The big things to avoid are crossing the user/kernel divide and communication across cores.

Staying in the kernel is approximately the same as bypassing the kernel (caveats apply); for a packet filtering / smoothing use case, I don't think kernel bypass is needed. You probably want to tune NIC hashing so that inbound traffic for a given shaping queue arrives in the same NIC rx queue; but you probably want that in a kernel bypass case as well. Userspace is certainly nicer during development, as it's easier to push changes, but in 2026, it feels like traffic shaping has pretty static requirements and letting the kernel do all the work feels reasonable to me.
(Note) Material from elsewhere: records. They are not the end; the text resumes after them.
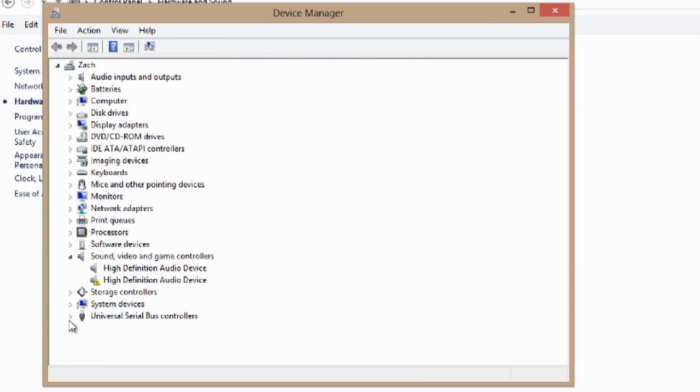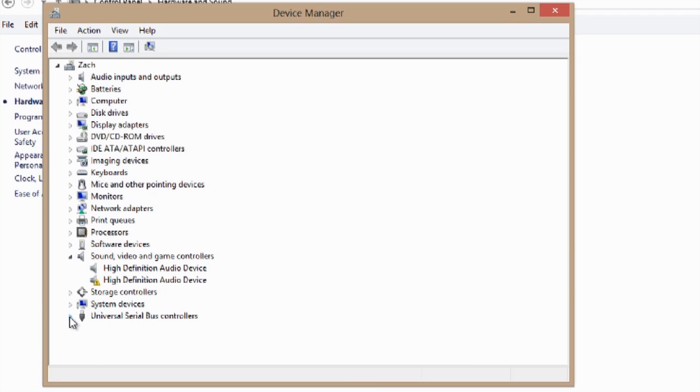Down here at universal serial bus controllers, we'll hit the down arrow, and we'll see that I have a 2.0 here and a 3.0 here.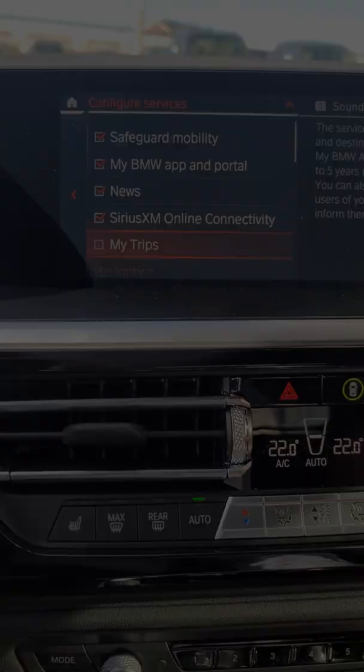Alright, so those were the new additions to the My BMW app — it looks like the app just updated about a week or two ago, so I just wanted to share that with you. If you liked the video, make sure you like, share, and subscribe. We'll see you on the next video — thank you so much for watching.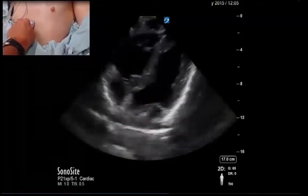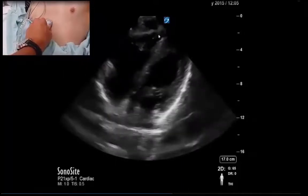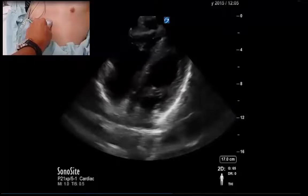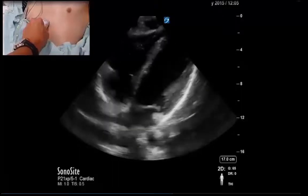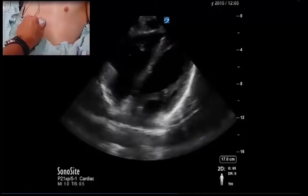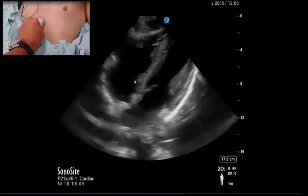Here we go — probe on the chest — and we can see the subcostal window is in fact very, very good. We see all four chambers quite well and can make comments regarding pericardial effusion, right heart function, left heart function, and if we were so interested, we could apply color Doppler to evaluate valve function integrity as well.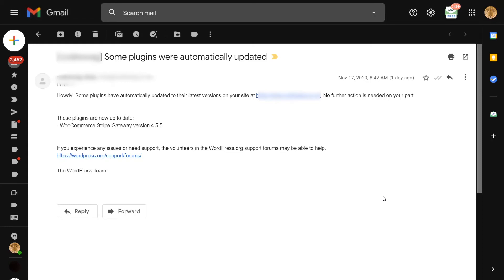Welcome to another Code Swag video. In this episode, I'm going to show you how to get rid of these very annoying plugin update emails in WordPress.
Otoh, OpenBSD is pretty far behind the curve on SMP and all that (I think their PF now has support for SMP, but maybe it's still in development?; I'd bet there's lots of room to reduce cross core communication as well, but I haven't examined it). You can't pin userspace cores to cpus, I doubt their kernel datastructures are built to reduce communications, etc. Kernel bypass won't help as much as you would hope, if it's available, which it might not be, because you can't control the userspace to limit cross core communications.

▲

rpcope1 4 hours ago | parent [-]

Just a single data point, but the BSDs in general, as much as people like to jerk them off, having tested both recent FreeBSD (which should be much faster than OpenBSD) and Debian on I guess the now kind of elderly APU2s I have, netfilter is noticably faster (and I find nftables to be frankly less challenging than pf) and gets those devices right at gigabit line speed even with complex firewall rules, where as pf leaves performance on the table. It probably has to do with the fact it's an older 4 core design that wasn't super high power to begin with (does still does its job extremely well), but still.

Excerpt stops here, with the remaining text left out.